Paula ignoró el gesto, pero no pudo ignorar la rabia que había en sus ojos.


—Cometí un error —dijo—, incluso antes de que me diera cuenta de quién eras. ¿Crees que me hubiera acostado contigo si hubiese sabido la verdad? Y tú lo sabías ¿Por qué otra razón seguiste con aquella mentira?


¡Qué derecho tenía a actuar con ese aire de superioridad! ¡Cualquiera se pensaría que él era el más afectado!

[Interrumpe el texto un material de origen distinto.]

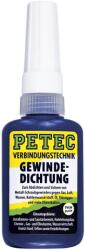 PETEC Material pentru etanșarea îmbinărilor filetate, fiolă de 15 g PETEC 97215 97215 (97215)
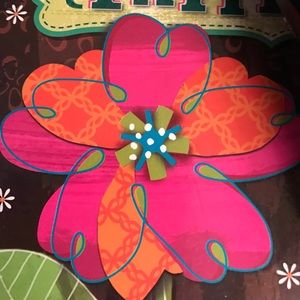 Meet your Posher, Keri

—Tú eras la que quería que yo representase el papel. ¿Cómo iba yo a saber hasta dónde querías llegar? —arguyó Pedro—. ¿O tengo que recordarte que tú también creaste una mentira? Yo simplemente me inventé otra. En cuanto a decirte quién era yo, en el momento al que te refieres, ambos éramos bastante incapaces de pensar más allá de nuestros deseos más primitivos —concluyó, desafiándola con la mirada a negar lo que acababa de afirmar.


Pero Paula estaba demasiado preocupada en intentar controlar el temblor que le sacudía todo el cuerpo. Las imágenes se le agolpaban en la cabeza y ni siquiera desaparecieron cuando cerró los ojos. Cuando los abrió de nuevo, él continuó con un tono más desagradable y cáustico que el anterior:
—Me quitaste la opción de remediar la situación, cuando te marchaste a hurtadillas en medio de la noche, como una ladrona.